→ **Instructions for the task**
The reply should contain every entry below exactly as written, with no images.

(Short web captions)
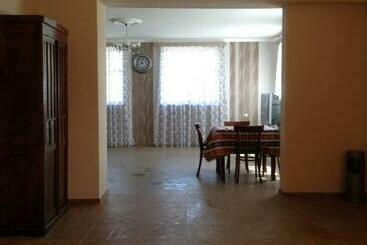 پانسیون Em&ri Guest House In Odzun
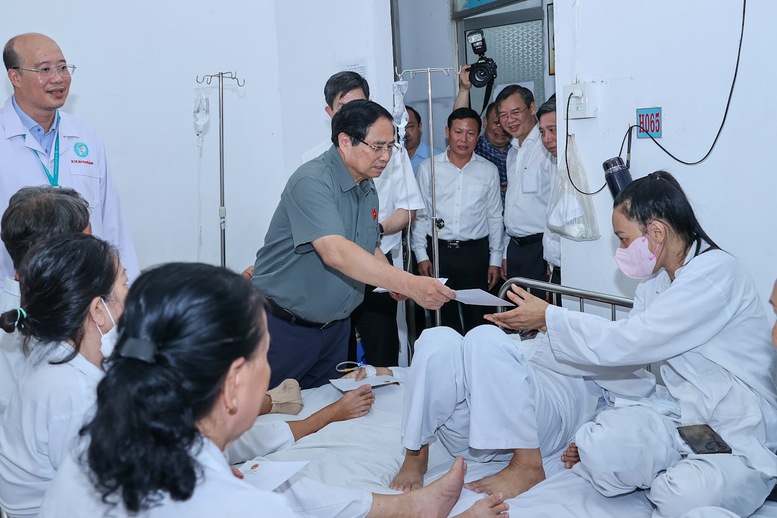 Thủ tướng tặng quà các bệnh nhân - Ảnh: VGP/Nhật Bắc Thủ tướng tặng quà các bệnh nhân - Ảnh: VGP/Nhật Bắc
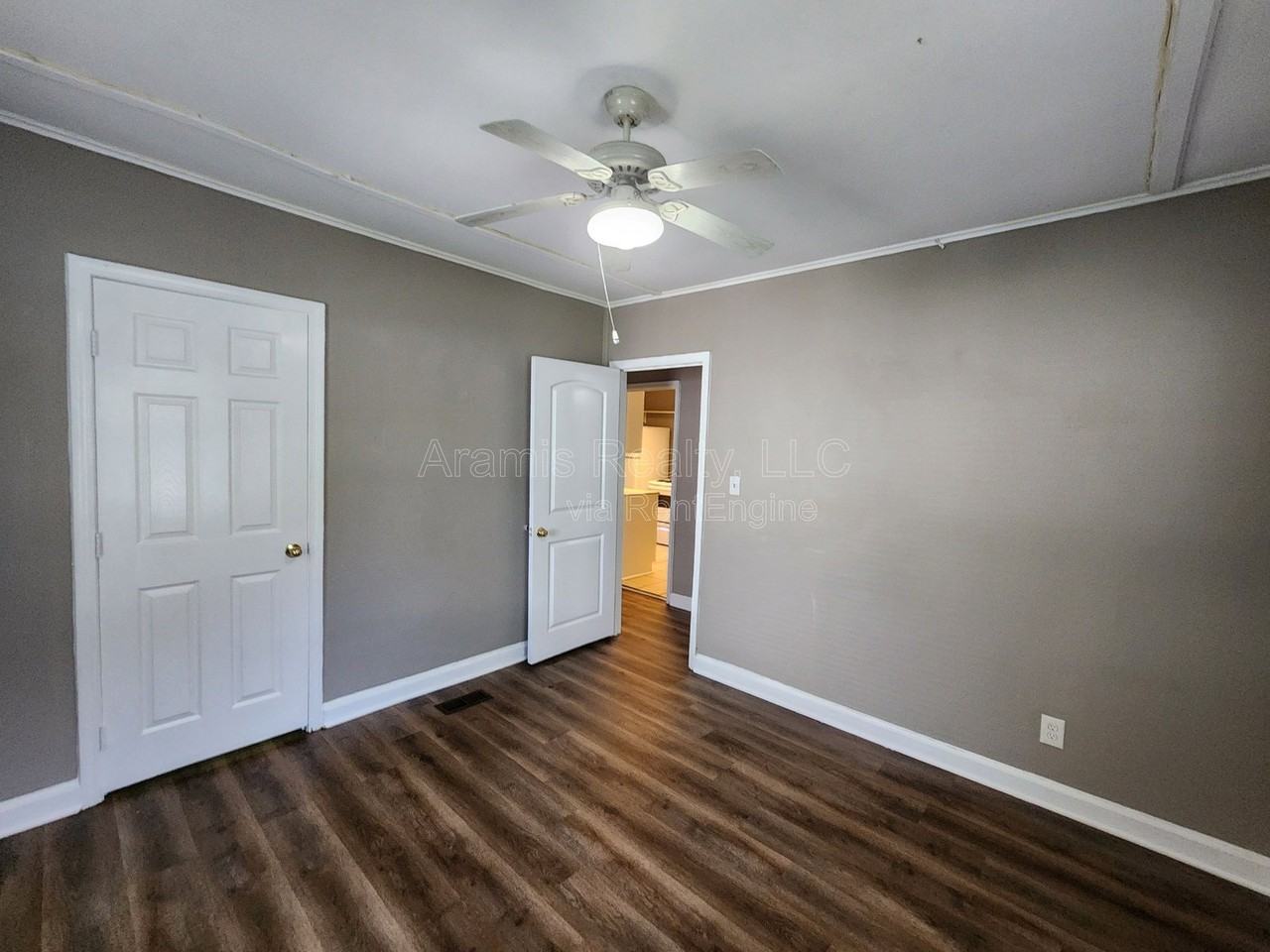 261 Victory Dr Se - Photo 6 of 18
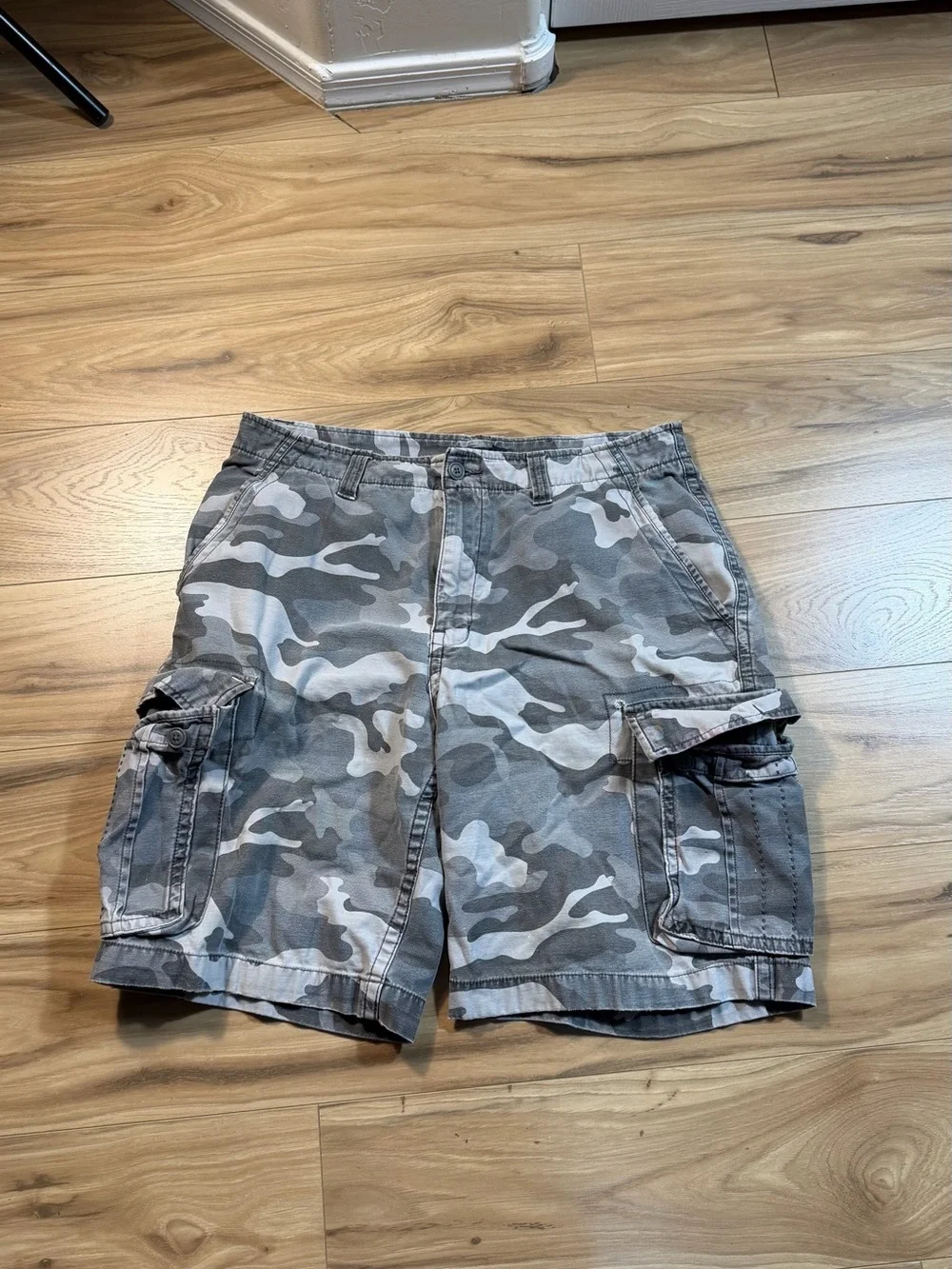 Faded Glory Men’s Gray Camo Cargo Shorts Cotton Canvas Flat Front Button Pockets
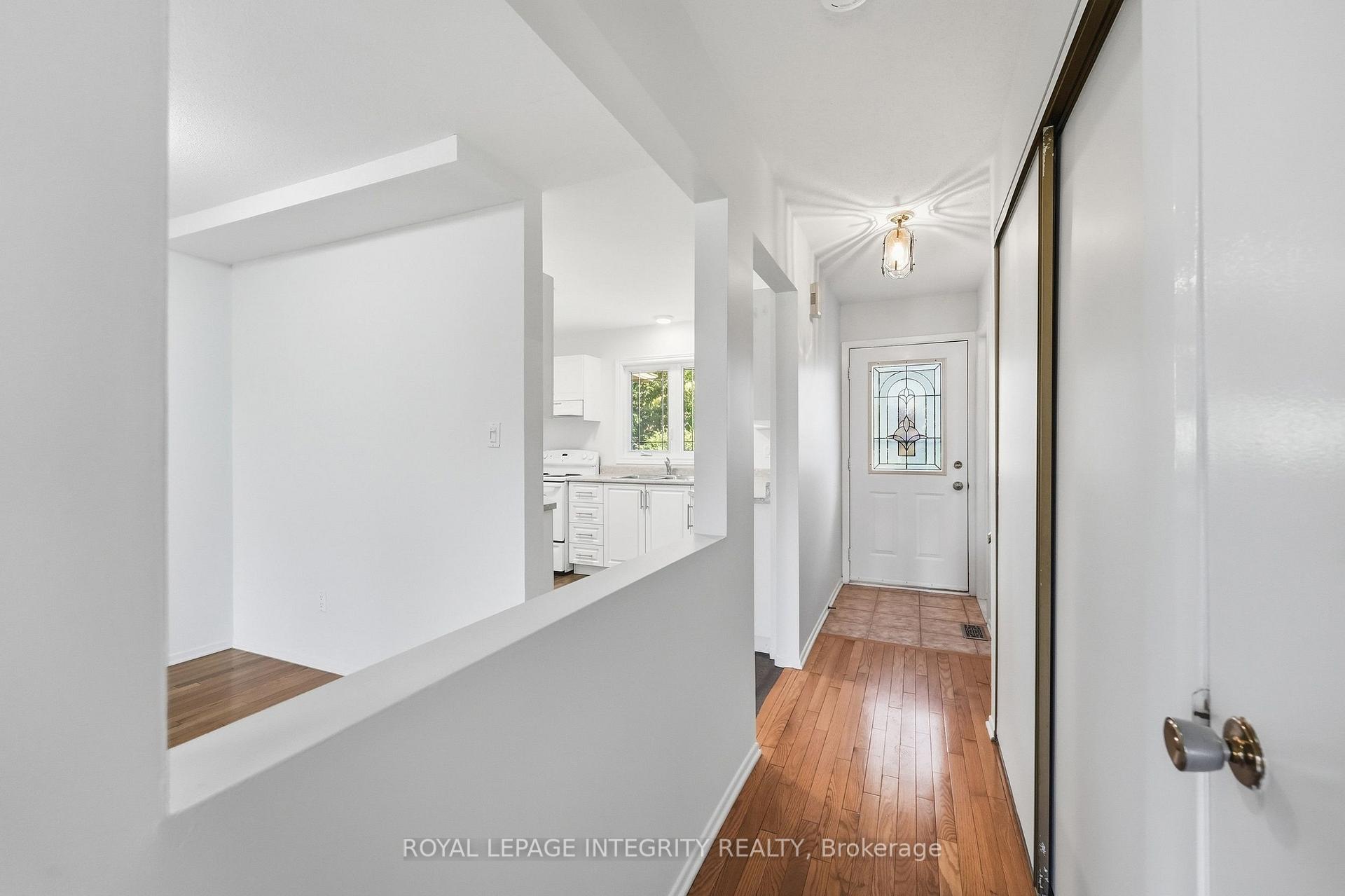 Photo 6 of 909 Lawnsberry Drive, Ottawa, Chatelaine Village — HOMEH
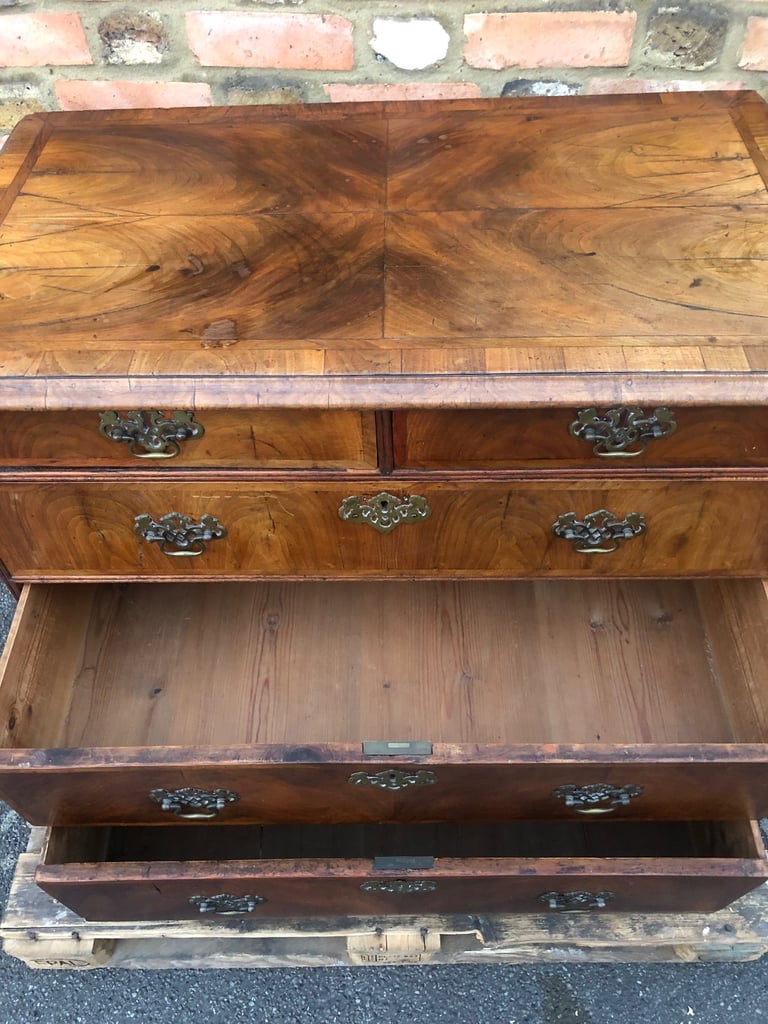 Antique 18th century Queen Ann Walnut chest of drawers 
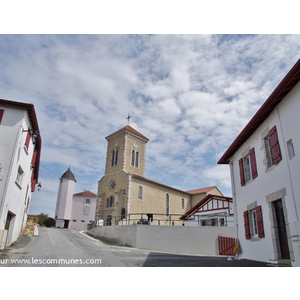 le Village et église Sainte Marie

→ **Expected answer**
 پانسیون Em&ri Guest House In Odzun
 Thủ tướng tặng quà các bệnh nhân - Ảnh: VGP/Nhật Bắc Thủ tướng tặng quà các bệnh nhân - Ảnh: VGP/Nhật Bắc
 261 Victory Dr Se - Photo 6 of 18
 Faded Glory Men’s Gray Camo Cargo Shorts Cotton Canvas Flat Front Button Pockets
 Photo 6 of 909 Lawnsberry Drive, Ottawa, Chatelaine Village — HOMEH
 Antique 18th century Queen Ann Walnut chest of drawers 
 le Village et église Sainte Marie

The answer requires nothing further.